He argued that no nation on Earth is currently equipped to deal with the vast amount of cyber threats in the world, calling it a Wild West arena that lacks any accountability.

“Long gone are the days of Oregon Trail on your Apple IIe,” Gardner said. “That is now going around the globe and connecting everybody to the Oregon Trail right in your living room globally, so to speak.”

Gardner suggested placing every committee chairman and ranking member on this new cyber committee, and allowing lawmakers to take a “whole of government” view on cyber vulnerabilities. The U.S. government spends about $90 billion annually on major information technology acquisition, and Gardner said it’s essential to ensure that those systems are safe.
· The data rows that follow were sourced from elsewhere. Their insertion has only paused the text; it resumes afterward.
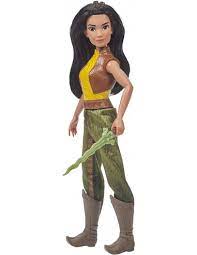 So now thanks to the doll's box art we have a first look at sisu human form. Disney Raya The Last Dragon Doll Raya Hasbro Futurartshop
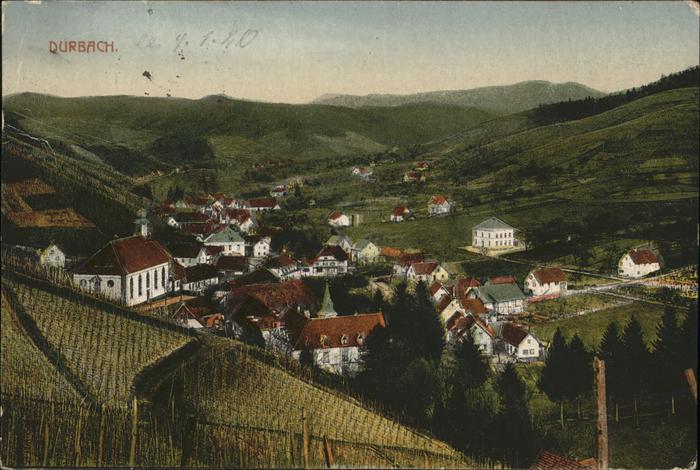 Durbach Gesamtansicht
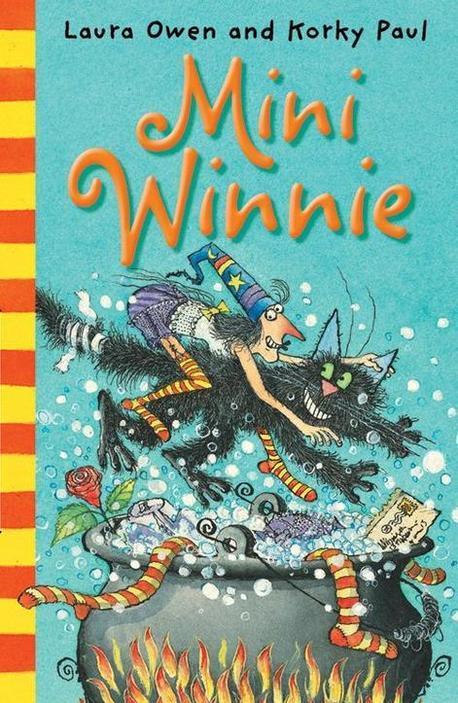 Winnie the Witch chapter book : Mini Winnie. 4
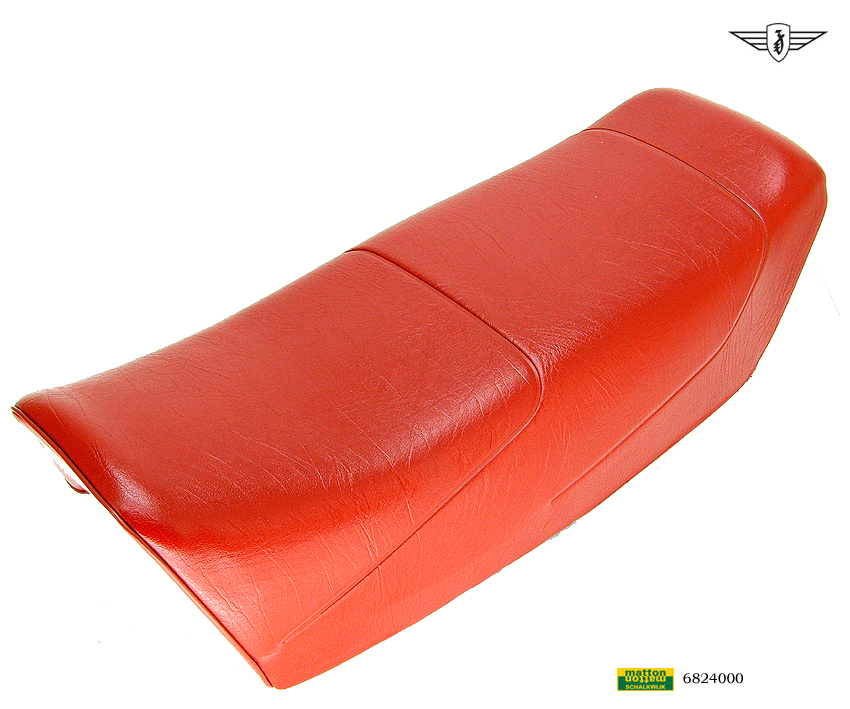 6824000 9205 Sitzbank Überzug Zundapp 537 KS80 super rot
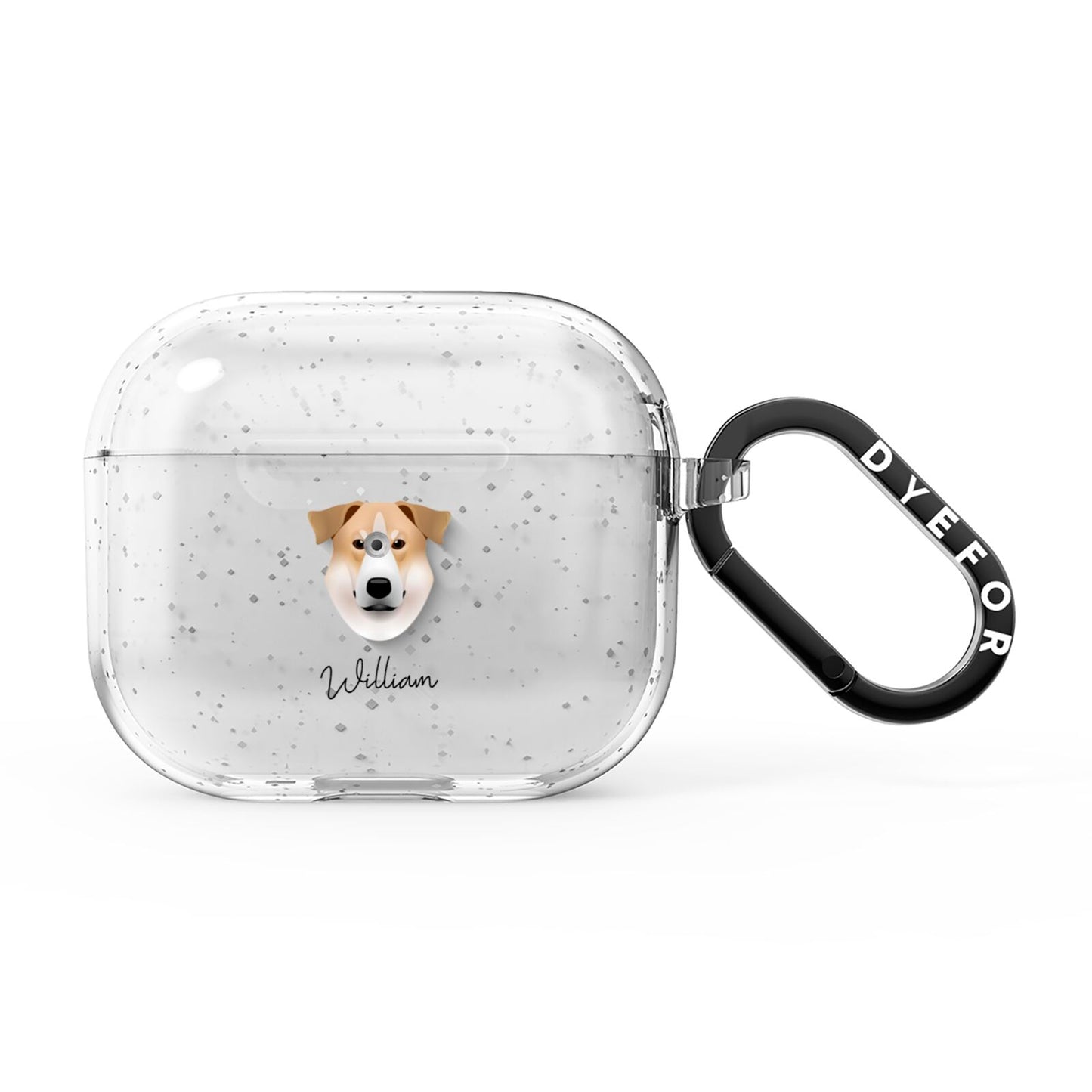 Chinook Personalised AirPods Glitter Case 3rd Gen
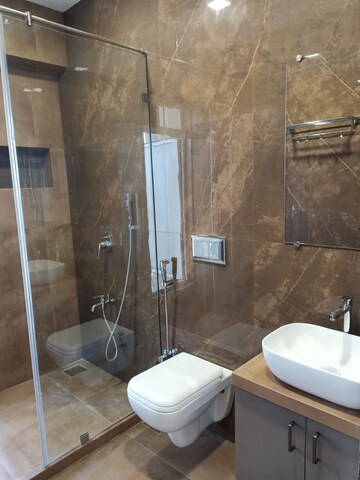 Bathroom in 3 BHK Apartment at Anchor Victorian, Parel – for Rent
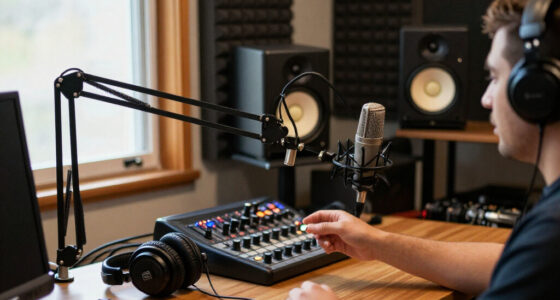 12 Best Podcast Microphone Boom Arms for Clear, Comfortable Recording in 2027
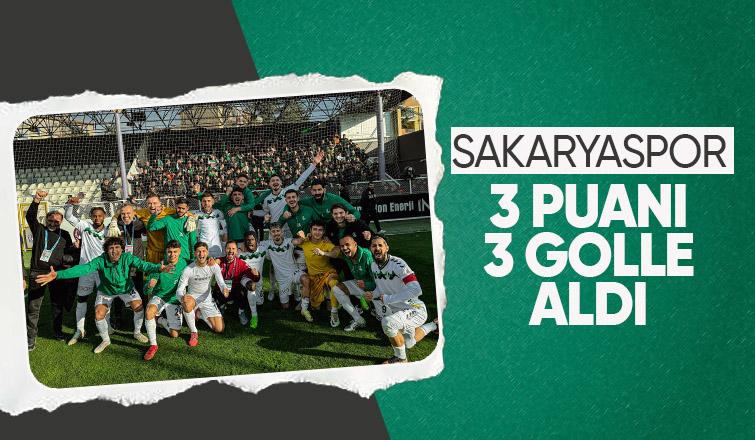 Keçiörengücü 2 Sakaryaspor 3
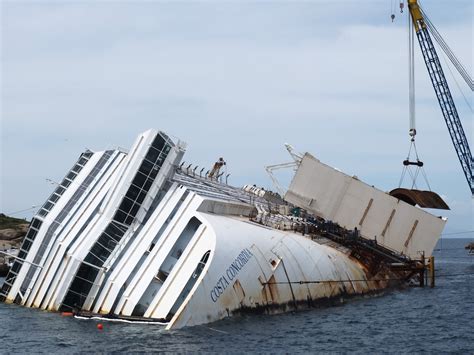 Five Convicted In Deadly Costa Concordia Shipwreck : The Two-Way : NPR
“If we’re going to have billions of (internet of things) devices attached to the internet, which we are going to and do have, those create entry points,” he said. “Every single one of them is an entry point and creates a vulnerability.”

Without naming the individual, Gardner said that he was speaking with a CEO of a major tech company recently, who told him that most recent attacks that have been reported publicly could have been avoided with “some basic computer hygiene policies.”

Thursday’s discussion with Gardner also touched on U.S. foreign relations in Asia. Though Gardner “commended” China for not getting in the way of the latest UN Security Council resolution sanctions levied against North Korea, he said China needs to do more. He mentioned the frequently cited statistic that about 90 percent of North Korea’s economy is fed through China, but Gardner said that about 10 Chinese businesses are responsible for about 30 percent of that trade.

Gardner said his frustration with China is that it has taken a harder line on policies against South Korea. The Colorado senator claimed that China has cost the South Korean economy about $12 billion, partly through the closures of Chinese plants supporting industry in South Korea.

“If they would take that same concentrated approach to North Korea, we would actually be getting somewhere,” Gardner said.

Gardner described North Korea as America’s most urgent national security threat, citing similar claims from Defense Secretary James Mattis and retired Adm. William E. Gortney.